Basics of searching PubMed
We are often interested in searching PubMed for all articles related to a search term, and possibly restricted by other search criteria. To do so we use BioServices.EUtils. A basic example of how we may use the functions esearch
and efetch
to accomplish such task is illustrated below.
using BioServices.EUtils
using XMLDict
using LightXML
search_term = "obstructive sleep apnea[MeSH Major Topic]"
#esearch
esearch_response = esearch(db="pubmed", term = search_term,
retstart = 0, retmax = 20, tool ="BioJulia")
#convert xml to dictionary
esearch_dict = parse_xml(String(esearch_response.body))
#convert id's to a array of numbers
ids = [parse(Int64, id_node) for id_node in esearch_dict["IdList"]["Id"]]
#efetch
efetch_response = efetch(db = "pubmed", tool = "BioJulia", retmode = "xml", rettype = "null", id = ids)
#convert xml to xml node tree
efetch_doc = root(parse_string(String(efetch_response.body)))
Handling XML responses
Many APIs return responses in XML form.
To parse an XML to a Julia dictionary we can use the XMLDict package
using XMLDict
dict = parse_xml(String(response.body))
You can save directly the XML String to file
xdoc = parse_string(esearch)
save_file(xdoc, "./file.xml")
Save eseach/efetch responses
Save PMIDs to MySQL
If we are only interseted in saving a list of PMIDs associated with a query, we can do so as follows
dbname = "entrez_test"
host = "127.0.0.1";
user = "root"
pwd = ""
#Collect PMIDs from esearch result
ids = Array{Int64,1}()
for id_node in esearch_dict["IdList"]["Id"]
push!(ids, parse(Int64, id_node))
end
# Initialize or connect to database
const conn = DBUtils.init_mysql_database(host, user, pwd, dbname)
# Create `article` table to store pmids
PubMed.create_pmid_table!(conn)
#Save pmids
PubMed.save_pmids!(conn, ids)
#query the article table to explore list of pmids
all_pmids = BioMedQuery.PubMed.all_pmids(conn)
Export efetch response as EndNote citation file
We can export the information returned by efetch as and EndNote/BibTex library file
citation = PubMed.CitationOutput("endnote", "./citations_temp.endnote", true)
nsucceses = PubMed.save_efetch!(citation, efetch_doc, verbose)
Save efetch response to MySQL database
Save the information returned by efetch to a MySQL database
dbname = "efetch_test"
host = "127.0.0.1";
user = "root"
pwd = ""
# Save results of efetch to database and cleanup intermediate CSV files
const conn = DBUtils.init_mysql_database(host, user, pwd, dbname)
PubMed.create_tables!(conn)
PubMed.save_efetch!(conn, efetch_doc, false, true) # verbose = false, drop_csv = true
Save efetch response to SQLite database
Save the information returned by efetch to a MySQL database
db_path = "./test_db.db"
const conn = SQLite.DB(db_path)
PubMed.create_tables!(conn)
PubMed.save_efetch!(conn, efetch_doc)
Return efetch response as a dictionary of DataFrames
The information returned by efetch can also be returned as dataframes.
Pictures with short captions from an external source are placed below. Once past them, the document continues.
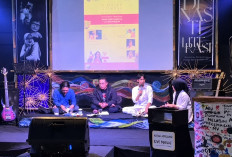 Menjelajahi Dunia Literasi dalam Pameran Dinasti Literasi di Buleud Art Gallery Tasikmalaya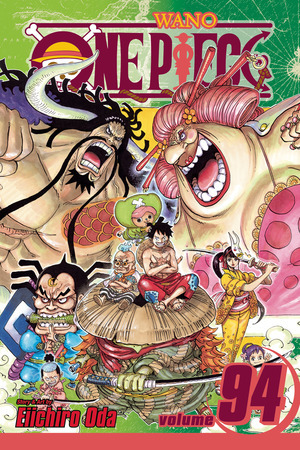 [One Piece Vol. 94 (SC)]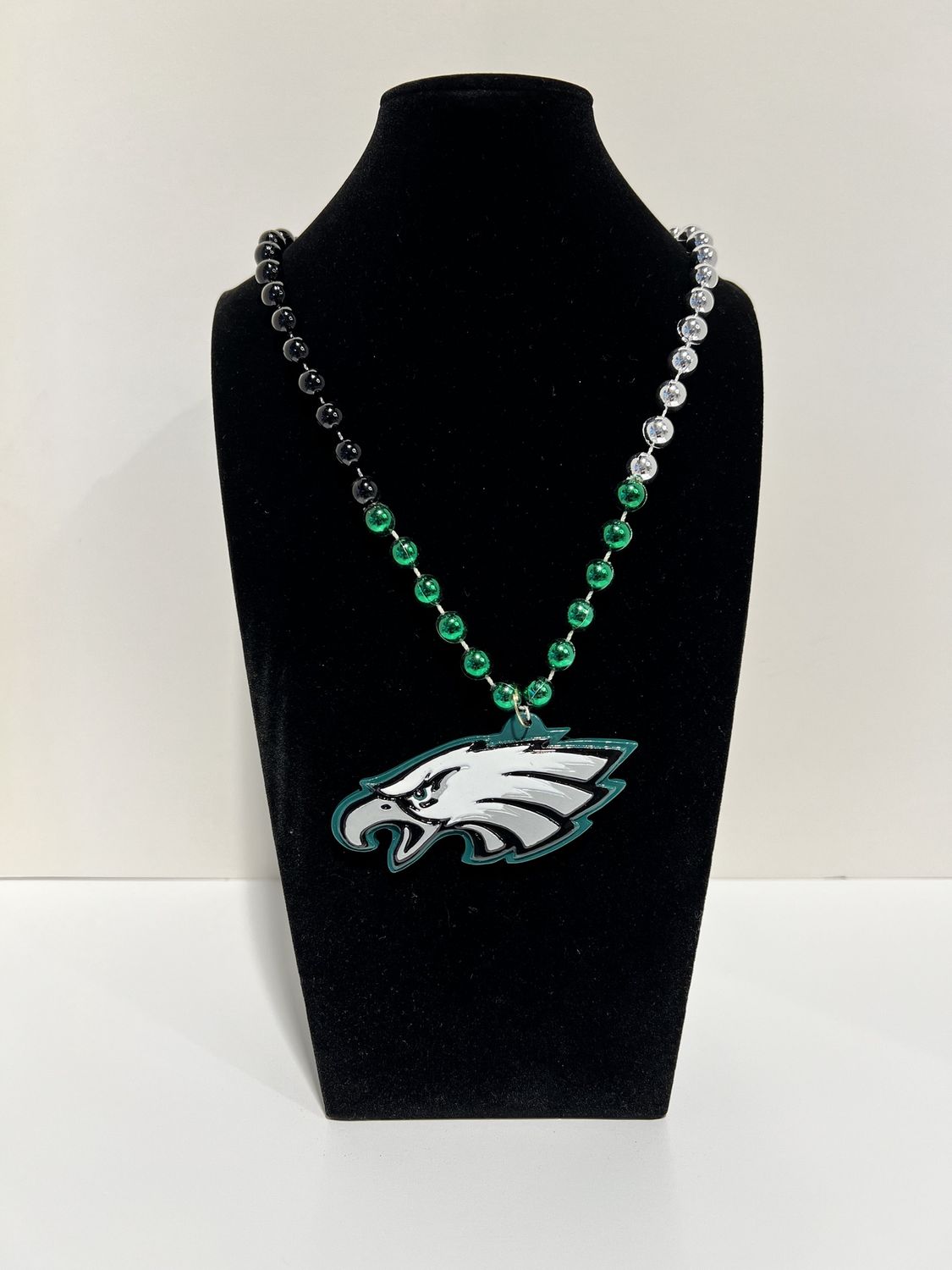 36" NFL Licensed Philadelphia Eagles Bead (Each)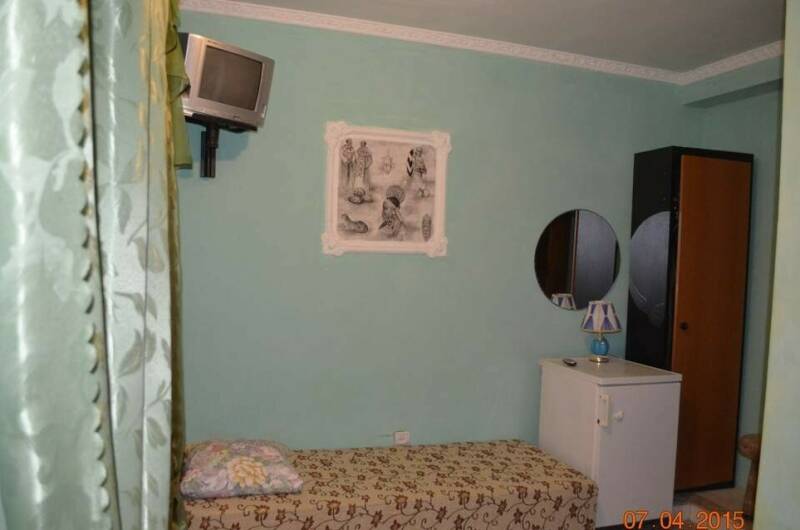 Номер 3-х местный «Зеленый»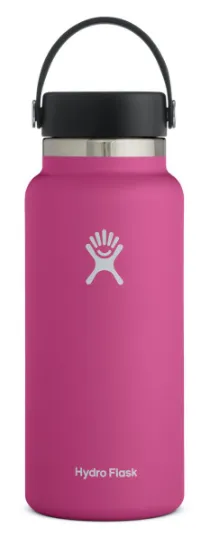 Hydro Flask - 32Oz Wide Mouth Flex Cap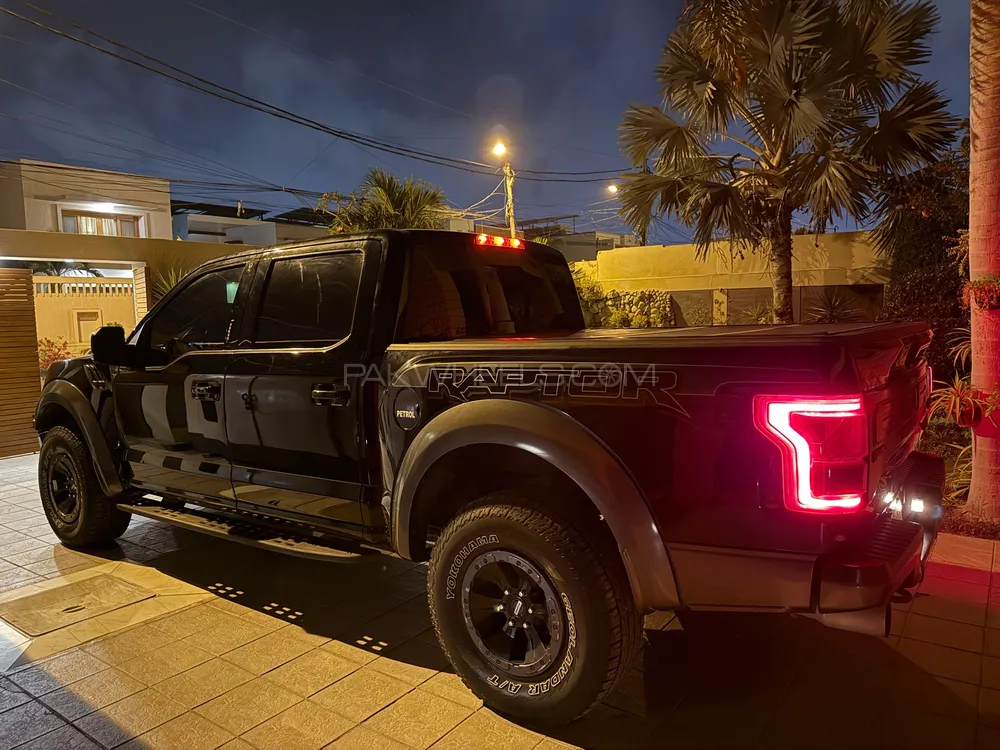 Ford F 150 2018 for Sale in Karachi Ford F 150 2018 for Sale in Karachi Image-3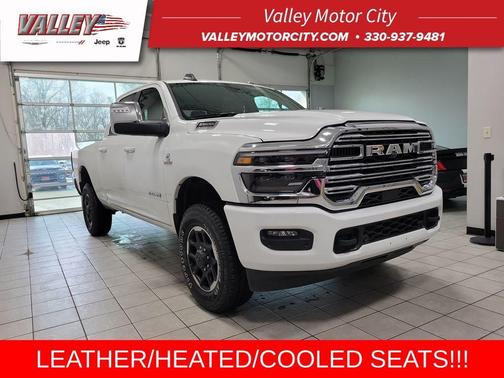 2026 RAM 2500 Laramie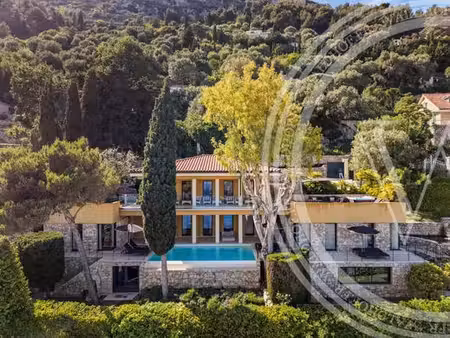 villa de luxe de 10 pièces en location roquebrune-cap-martin  france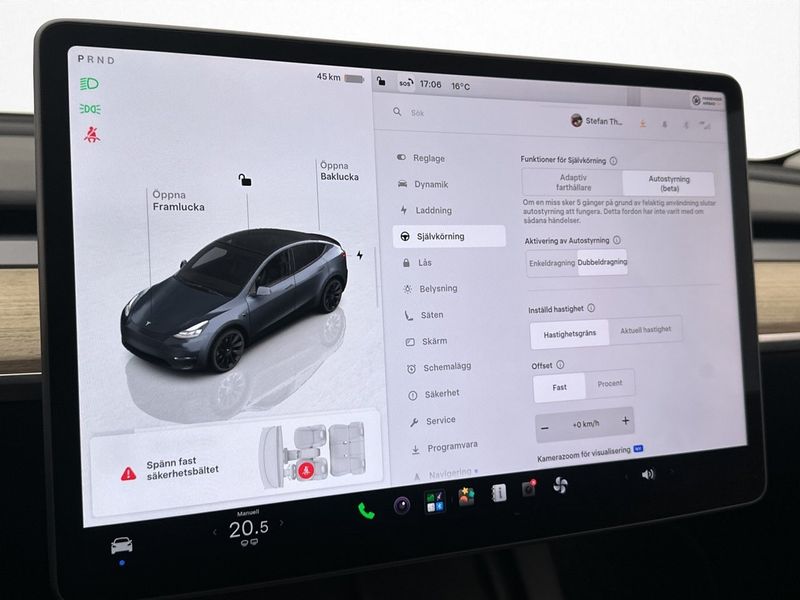 Tesla Model Y bild 24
The dataframes match the format of the tables that are created for the sql saving functions (schema image below). These dataframes can also easily be saved to csv files.
dfs = PubMed.parse(efetch_doc)
PubMed.dfs_to_csv(dfs, "my/path", "my_file_prefix_")
Exploring output databases
The following schema has been used to store the results. If you are interested in having this module store additional fields, feel free to open an issue
We can also explore the tables using BioMedQuery.DBUtils, e,g
tables = ["author_ref", "mesh_desc",
"mesh_qual", "mesh_heading"]
for t in tables
query_str = "SELECT * FROM "*t*" LIMIT 10;"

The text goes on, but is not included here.